От изумления я теряю дар речи. Его слова задевают меня за живое, ранят самую уязвимую часть души. Я не готова к такой атаке, только не от Джейкоба. Пытаюсь осмыслить, что он сказал. Выходит, такой Джейкоб меня видит? Выходит, я зачем-то притворяюсь, выдаю себя бог знает за кого? Как он посмел?! Оказывается, он меня совсем не знает. Меня трясет от гнева.
Нанеси удар в ответ. Сделай ему больно.
– Чья бы корова мычала. Это именно то, чем занимаешься ты. Когда ты в последний раз был по-настоящему собой? С кем ты общаешься? Ты хоть помнишь, каков ты настоящий? Или ты настолько вжился в роль Джина Сока, так увлечен им, что уже давно видишь мир его глазами? Да того Джейкоба, которого я знала, больше не существует. А не хочешь ли сам последовать своему гребаному совету? Может быть, тогда и ты избавишься от одиночества. Только ко мне ты точно не придешь плакаться! – Последняя моя фраза звучит как угроза.
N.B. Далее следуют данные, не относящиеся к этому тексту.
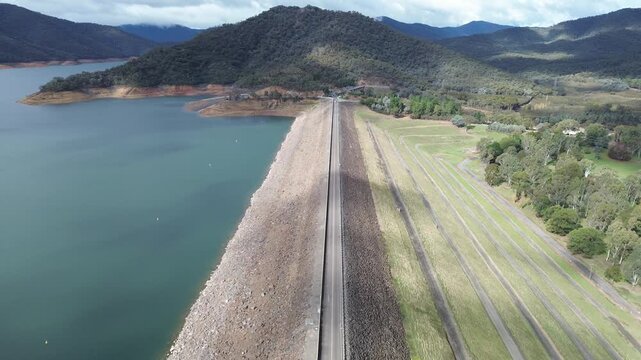 Aerial view flying over eildon dam wall and reservoir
– Ну вот, опять ты за свое. Отталкиваешь людей и тут же со всех ног мчишься прочь. Твоя фишка – вычеркивать людей из своей жизни, чтобы они не причинили тебе вреда. Ты оттолкнула меня и даже не оглянулась. Ты пытаешься проделать то же самое со своим отцом. Знаю, Ханна, мы доставили тебе огорчение. Но твой отец жив и здоров. Это я уже никогда не увижу своего отца.
Слова Джейкоба ранят слишком сильно. Это не шуточные порезы. Это кинжалы, пронзающие меня насквозь. У меня больше нет сил это слушать. Я поворачиваюсь, чтобы вылететь из комнаты.
Но Джейкоб бросается к двери и преграждает мне путь.
– Уйди с дороги! – кричу я. Мне все равно, что это может кто-то услышать. Меня не волнует, слышит ли меня Джин Хи, наши мамы или вся чертова улица. – Отвали! – ору я.
– Мне жаль. Черт, Ханна, прости.
– Убирайся с дороги или, клянусь богом, я расцарапаю тебе лицо, а ты попробуешь объяснить это своему чертовому руководству. – Ярость кипит во мне, вырываясь из каждой поры. Я слишком зла, чтобы позволить себе чувствовать боль. Мне просто нужно уйти.
– Ханна, остановись, пожалуйста, остановись, – умоляет Джейкоб. Он хватает меня за руки, и что-то в его глазах заставляет меня замолчать.
Я перестаю кричать, перевожу взгляд на пол и тяжело дышу.
– Мне жаль. Клянусь, я не это хотел сказать. Ты настоящая. Это я фальшивка. Да, я забыл, кто я на самом деле. И это пугает меня до чертиков. И я вымещаю свой страх на тебе. Боже, я ублюдок. Мне очень, очень жаль, – говорит он, опустив голову.
Слезы заливают мне глаза.
Проходят секунды, может быть, минуты, мы не говорим ни слова. Мы не смотрим друг на друга, слишком стыдно смотреть в лицо тому, кому причинил такую боль.